Without copying any picture, transcribe exactly the lines of the data below from the one containing "КАК ВЫБРАТЬ РЕСТОРАН" through the one containing "林辰小说《洪荒：巫族小兵，掠夺词条开始崛起》在线阅读".

=== Section Start ===

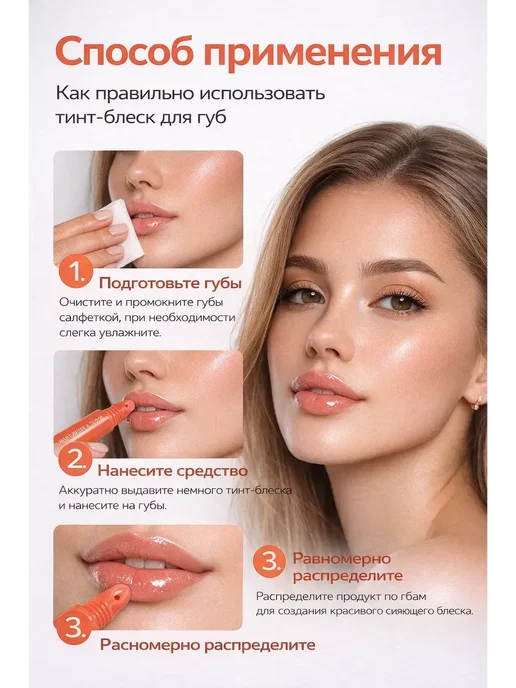 ГКМ2 Тинт для губ с пептидами и глянцевым блеском 10 мл, !, 10 мл, фото 2
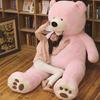 AMIRA TOYS Большая мягкая игрушка медведь плюшевая игрушка очень большой плюшевый мишка рождественский медведь животное плюшевая игрушка подушка для тела персонаж подарок на день рождения Рождество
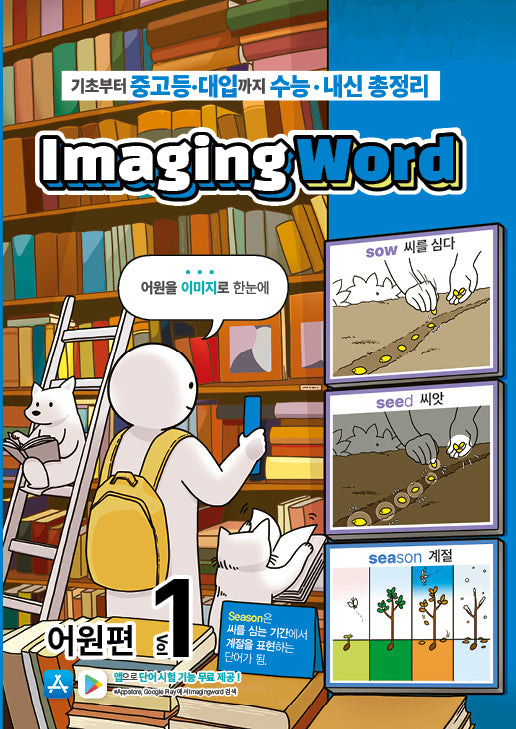 Imaging Word 어원편 Vol 1(개정판)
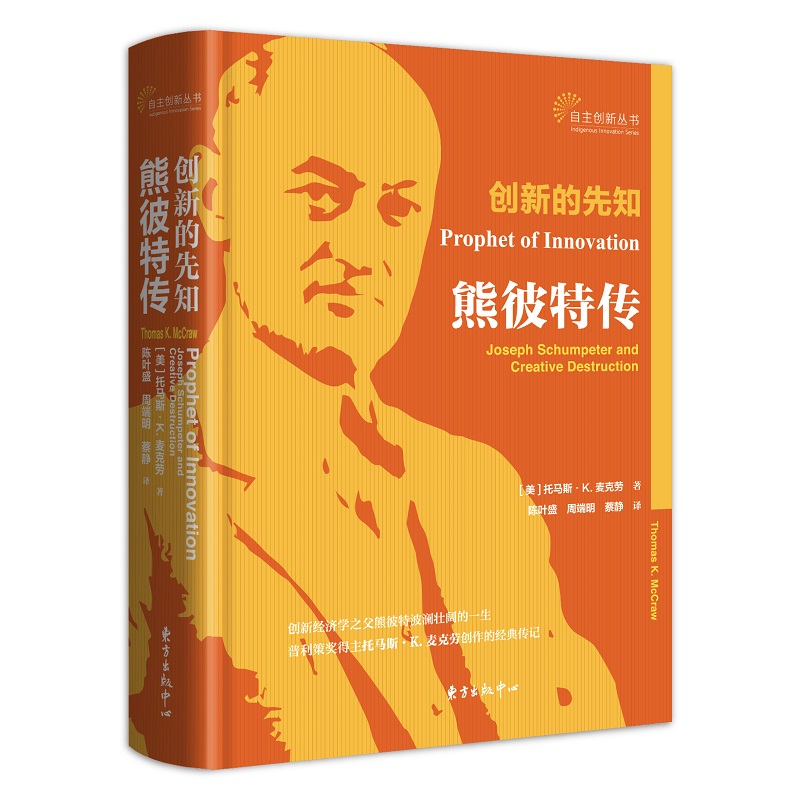 ��(chu��ng)�µ���֪���ܱ��؂�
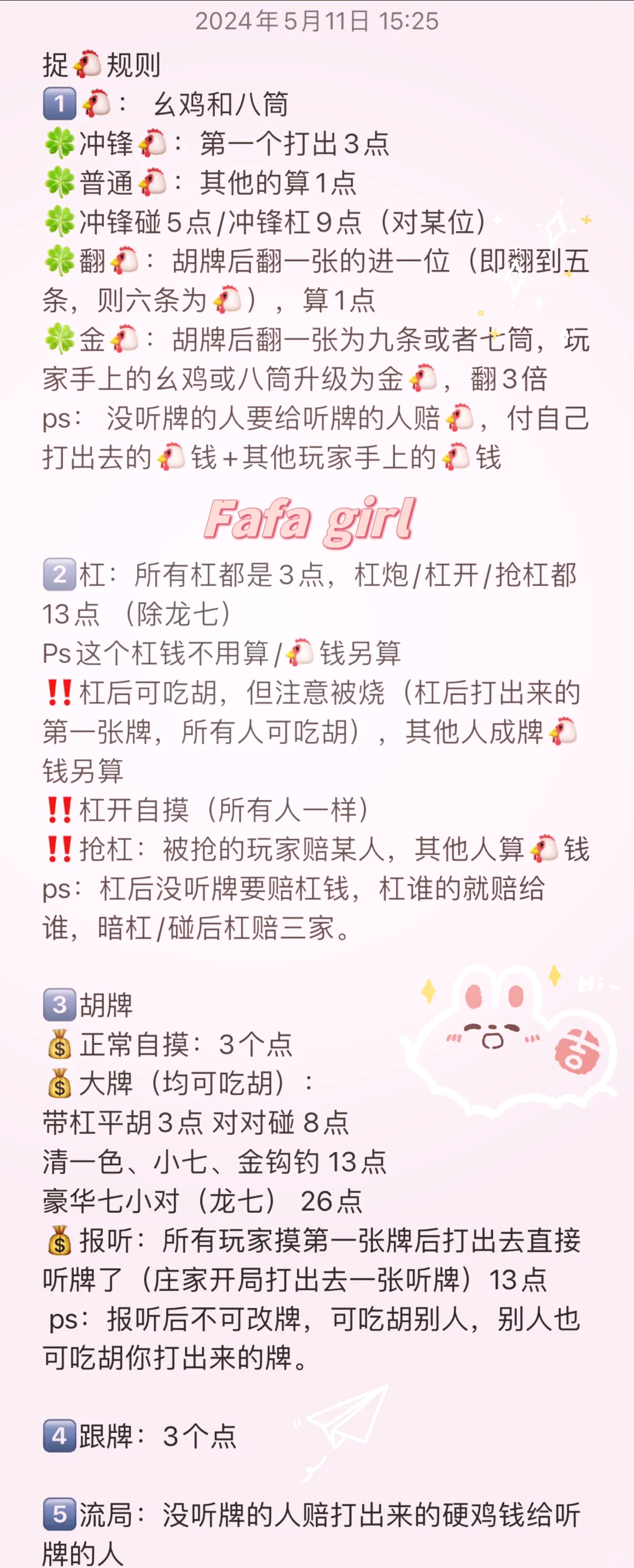 推荐一款“微乐贵州捉鸡麻将怎么提高胜率”万能开挂神器（真的有挂）-第1张图片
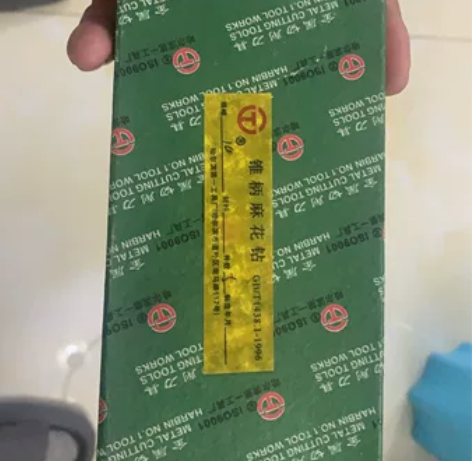 全新麻花钻14-22各种型号便宜出售,全新...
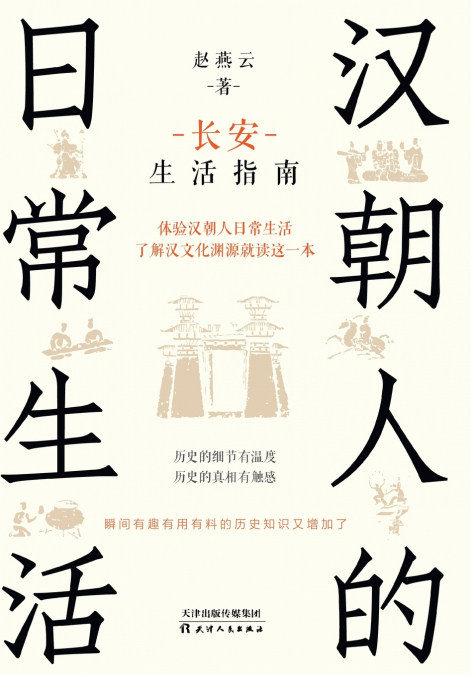 Daily Life in the Han Dynasty
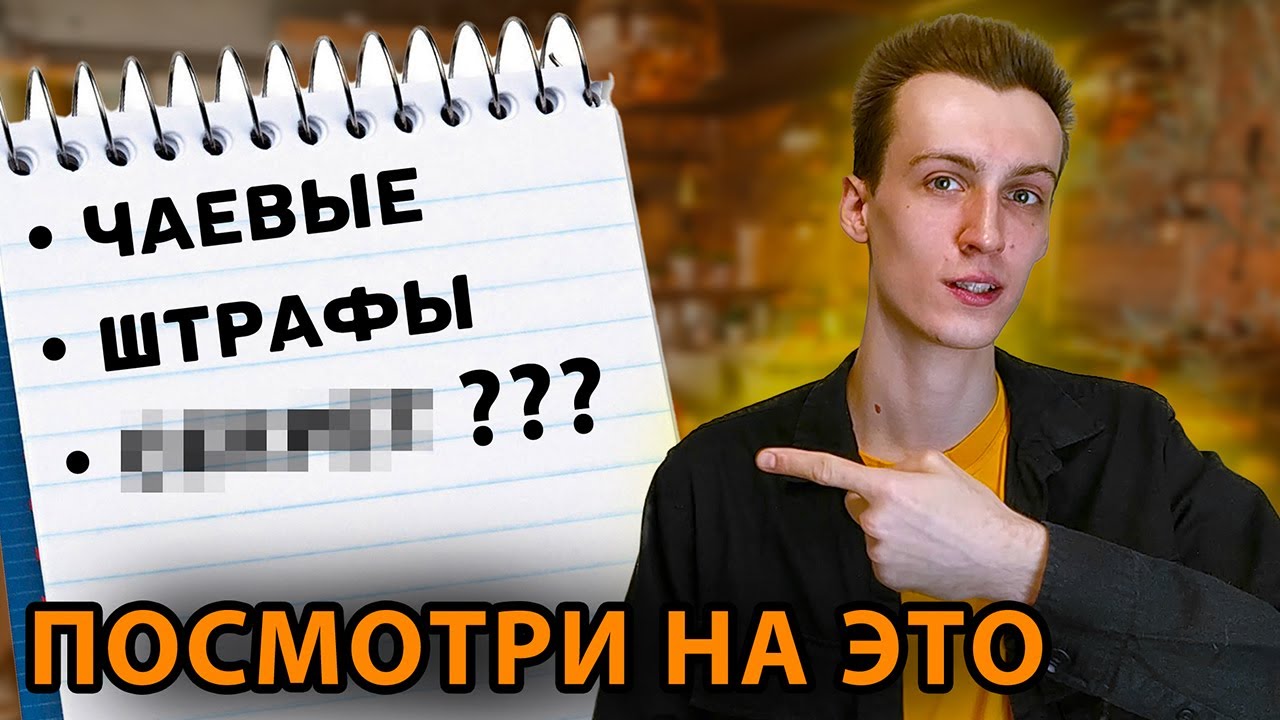 КАК ВЫБРАТЬ РЕСТОРАН для работы? | Чек лист для официанта.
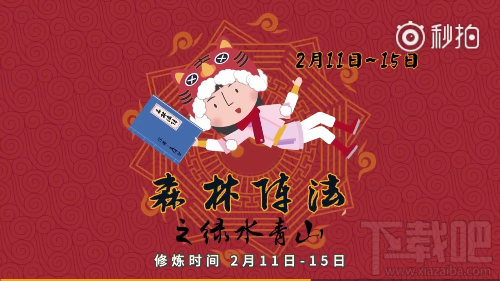 支付宝蚂蚁庄园怎么获得金蛋卡？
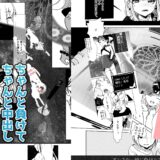 モンスター娘に負けたアト！〜世界を救った勇者は逆転無しの呪いで最弱へと堕ちる〜（3）-ギャルエンマ大王編- もうたまらんｗ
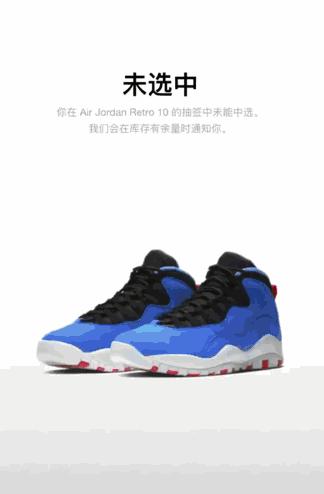 我是一个鞋贩子,鞋贩子心声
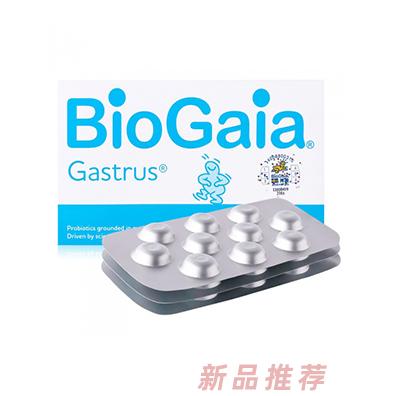 造物游傳（北京）電子商務(wù)有限公司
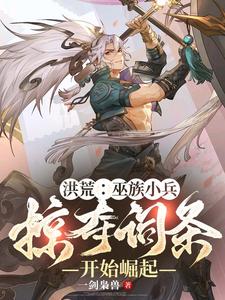 林辰小说《洪荒：巫族小兵，掠夺词条开始崛起》在线阅读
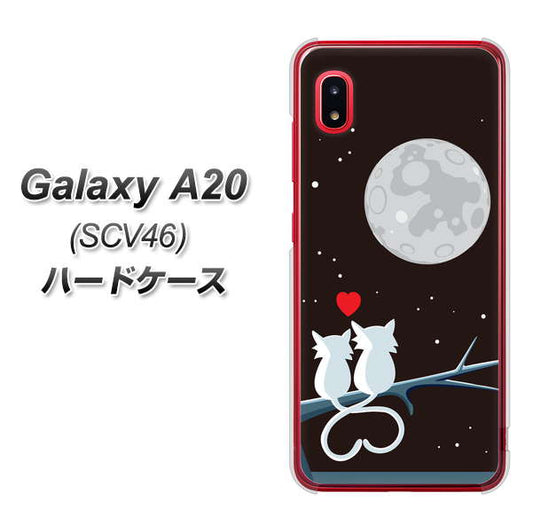 au ギャラクシー A20 SCV46 高画質仕上げ 背面印刷 ハードケース【376 恋するしっぽ】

=== Section End ===

Response box:
 КАК ВЫБРАТЬ РЕСТОРАН для работы? | Чек лист для официанта.
 支付宝蚂蚁庄园怎么获得金蛋卡？
 モンスター娘に負けたアト！〜世界を救った勇者は逆転無しの呪いで最弱へと堕ちる〜（3）-ギャルエンマ大王編- もうたまらんｗ
 我是一个鞋贩子,鞋贩子心声
 造物游傳（北京）電子商務(wù)有限公司
 林辰小说《洪荒：巫族小兵，掠夺词条开始崛起》在线阅读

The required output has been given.